• SUPPLIED MATERIAL:
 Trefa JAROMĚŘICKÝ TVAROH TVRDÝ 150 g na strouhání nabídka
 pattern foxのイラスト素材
---
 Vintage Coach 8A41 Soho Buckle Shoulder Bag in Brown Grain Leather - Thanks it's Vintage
--
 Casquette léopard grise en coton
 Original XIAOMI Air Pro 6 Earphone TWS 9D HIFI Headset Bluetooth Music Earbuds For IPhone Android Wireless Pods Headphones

• DIRECTIONS: Could you reproduce, exactly, every line above from the line with "Trefa JAROMĚŘICKÝ TVAROH" to the line with "pattern foxのイラスト素材", and no other line? Both ends count.

• RESPONSE TO THE EXERCISE:
 Trefa JAROMĚŘICKÝ TVAROH TVRDÝ 150 g na strouhání nabídka
 pattern foxのイラスト素材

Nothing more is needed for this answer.